Written Testimony on Accounting and Investor Protection Issues Raised by Enron And Other Public Companies
Chairman and CEO
Chairman Sarbanes, Ranking Member Gramm, members of the Senate Banking Committee, thank you for this opportunity to testify today on the vital, troubling and timely issues of investor protection and accounting highlighted by the collapse of Enron. It would be hard to overstate the human tragedy for Enron’s employees, pension-holders and investors caused by the failure of America’s seventh largest company.
Yet it is my firm hope that significant good can come of the collapse of Enron – in the form of better policies, oversight and regulatory structures to help restore the public’s trust in the fairness of our markets. That is the purpose of today’s hearing, and I am privileged to contribute my thoughts and the NASD’s experiences to this Committee’s thoughtful search for solutions.
Let me begin with a quick overview of the NASD – because who we are bears directly on both the substance of what I’ll be saying and on the usefulness of the private sector self-regulatory model that we embody.
The National Association of Securities Dealers is not a trade association, but rather, the world’s largest self-regulatory organization, or SRO. Under federal law, every one of the roughly 5,500 brokerage firms, nearly 90,000 branch offices and almost 700,000 registered representatives in the U.S. securities industry comes under our jurisdiction. To give you a sense of our scope and authority, it is vital to know that every brokerage firm in the United States that does business with the public must by law be a member of NASD. We have a staff of over 2000 employees in Washington, Rockville and district offices across the country and an annual budget exceeding $400 million.

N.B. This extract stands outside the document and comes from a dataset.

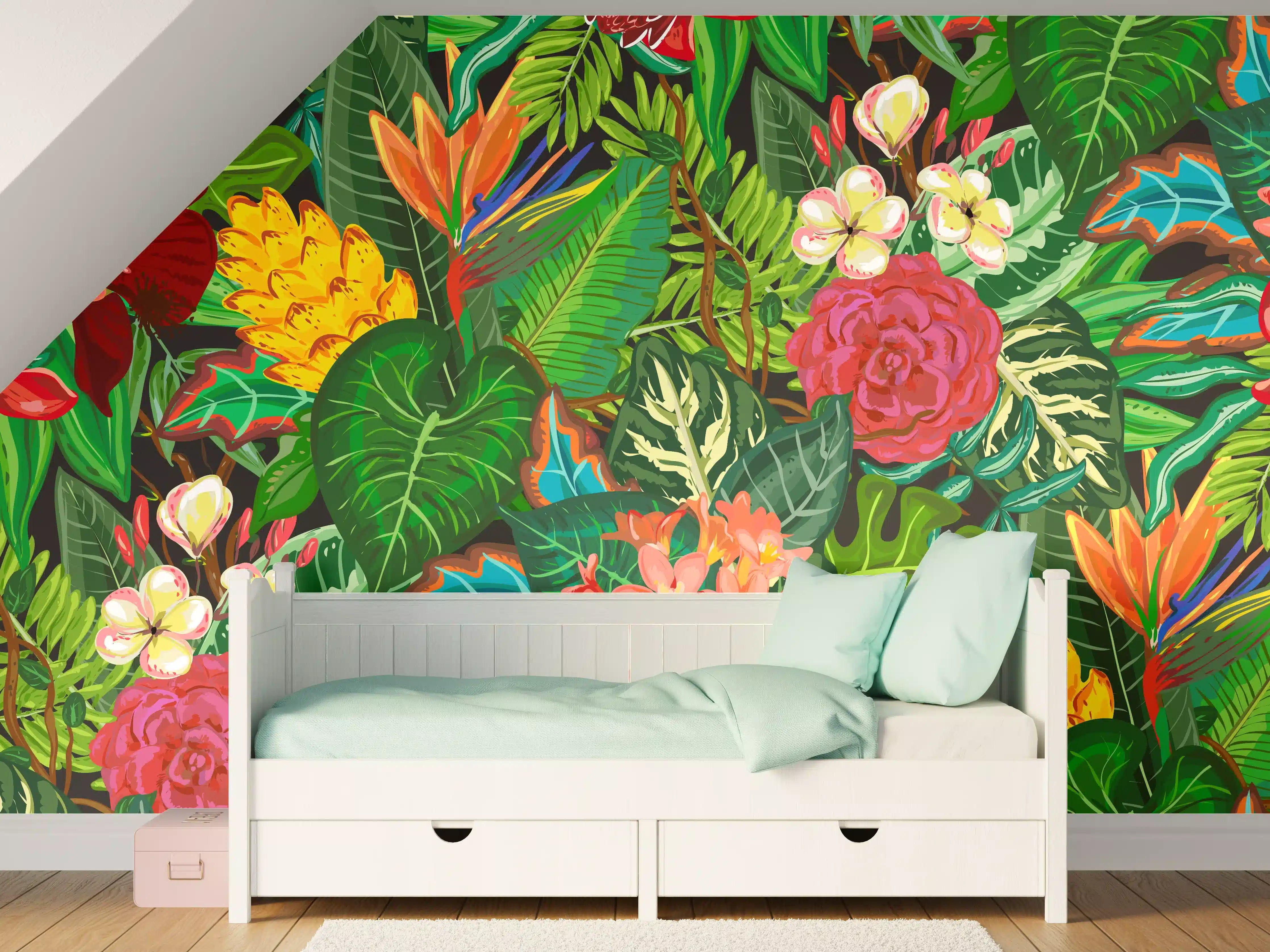 Kinderzimmer Wandgestaltung - Bunte Dschungel-Muster-Tapete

For more than six decades, our mission and our mandate from Congress has been clear: to bring integrity to the markets and confidence to investors. We do this by licensing and setting qualification standards for industry participants, maintaining a massive registration database that includes qualification and disciplinary histories of all brokers and firms, writing rules to govern the conduct of brokerage firms and their employees, providing investor education and outreach, educating our members on legal and ethical standards, examining them for compliance with the federal securities laws and NASD and federal rules, investigating infractions, and disciplining those who fail to comply.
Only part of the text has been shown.